Statement 2019

Transcription of the statement for the 21st Biennial

I was born in the mountain part of Peru, but I had to leave at a very young age, because it was a time when war and terrorism had just started. Although the ideas of war and conflict were always present in my work, the ideas of my own identity, regarding the cholo identity, brownness and indigenism were mostly discarded and not addressed because of Lima city's classism and racism, so present to date. So this unknown part of my identity, as an indigenous-looking person, has made me think about Indianism, cultural alienation, colonialism and modernity, making me wonder and encouraging my practice, in which I propose decolonializing ideas and aesthetics, constantly questioning myself whether that is possible or not.

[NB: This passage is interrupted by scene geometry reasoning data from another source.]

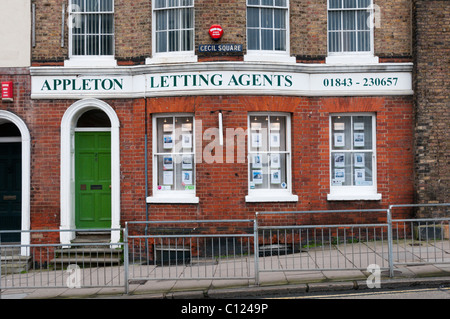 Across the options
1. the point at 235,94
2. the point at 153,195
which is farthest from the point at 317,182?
the point at 153,195

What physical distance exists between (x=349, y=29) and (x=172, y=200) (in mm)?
6323

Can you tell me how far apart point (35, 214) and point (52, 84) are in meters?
3.31

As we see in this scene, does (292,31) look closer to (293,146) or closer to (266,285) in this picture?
(293,146)

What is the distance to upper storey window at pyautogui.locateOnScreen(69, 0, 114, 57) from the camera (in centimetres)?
1188

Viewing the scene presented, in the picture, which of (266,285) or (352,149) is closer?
(266,285)

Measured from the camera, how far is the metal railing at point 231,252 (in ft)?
28.7

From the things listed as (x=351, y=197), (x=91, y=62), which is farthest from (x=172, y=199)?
(x=351, y=197)

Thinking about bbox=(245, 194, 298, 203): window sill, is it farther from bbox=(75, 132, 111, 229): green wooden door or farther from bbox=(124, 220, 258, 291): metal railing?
bbox=(75, 132, 111, 229): green wooden door

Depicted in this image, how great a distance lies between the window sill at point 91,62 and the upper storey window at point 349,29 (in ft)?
18.5

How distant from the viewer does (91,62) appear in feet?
38.6

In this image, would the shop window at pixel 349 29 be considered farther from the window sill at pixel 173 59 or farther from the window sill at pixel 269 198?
the window sill at pixel 269 198

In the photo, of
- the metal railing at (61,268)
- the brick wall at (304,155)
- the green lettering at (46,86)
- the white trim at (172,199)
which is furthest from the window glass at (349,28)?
the metal railing at (61,268) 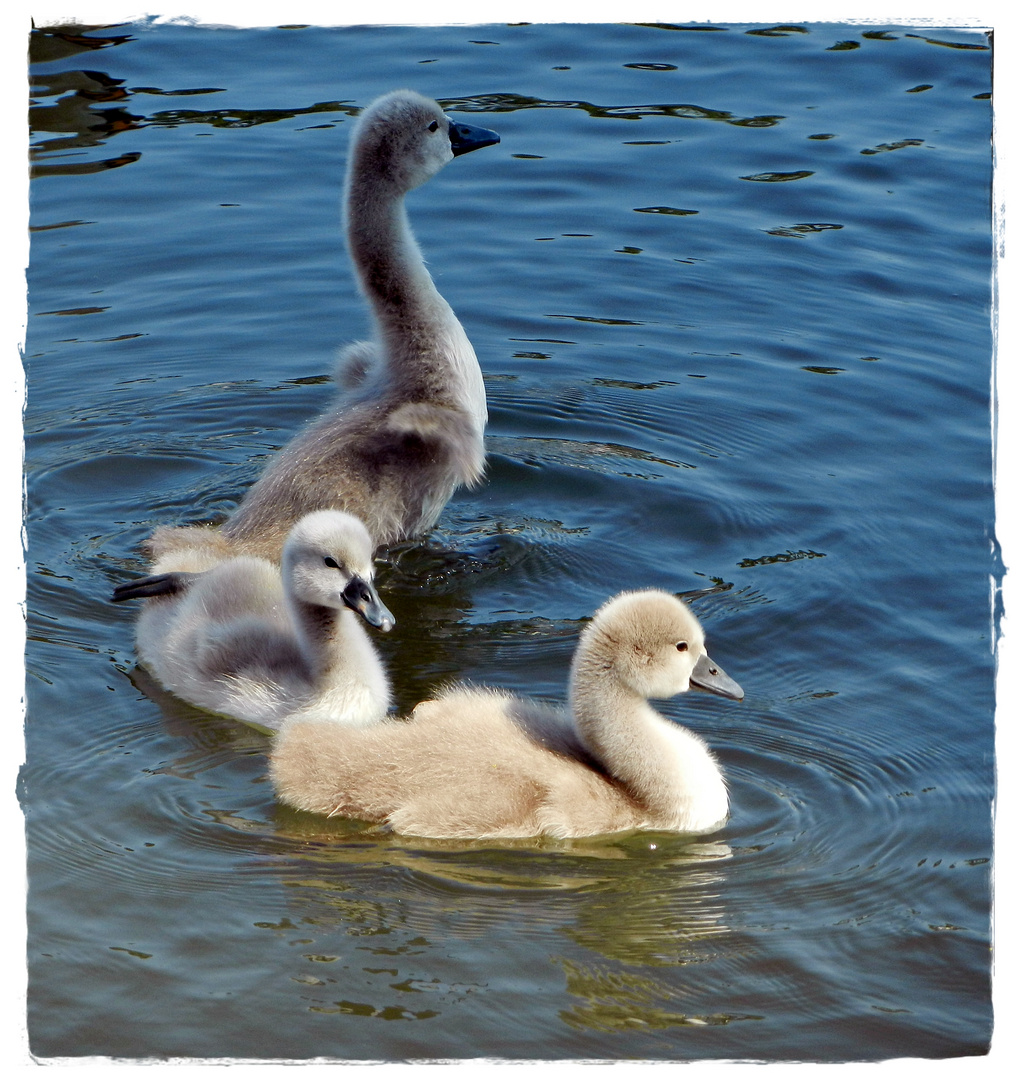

My interest in preexisting images of that political imaginary comes from stories, in how we've been told stories and taught history through imagery. The little gaps between what we know about them and what we believe from them, give us opportunities to reflect on and speculate about the real meaning of images, which we could never fully grasp. So I think that by rereading and relearning we can reformulate how we understand the past. There is also great power and responsibility in how we can write right now, and change the perception of certain images and events for the collective memory and the future.

The installation I’m presenting at the 21st Biennnial works as a gathering of different time/space cultures and movements, ancient and recent, that were developed in actual Peruvian territory. These different cultures share their memories and ideologies of life and death in a metaphoric and symbolic way. Historically, ideologies were born, forced and developed in this land—ideas such as sacrifice, modernity, colonialism, Christianism, indigenism, Marxism, communism etc.—all of whom caused the spill of sweat and blood in this land. On this soil the fruits that feed the people are grown and nurtured. The spread-out ceramics in the installation works as remainders and hints of the past, incomplete and apart, just like in the forms of display and the colonial memory present in the glass enclosures in ethnographic museums.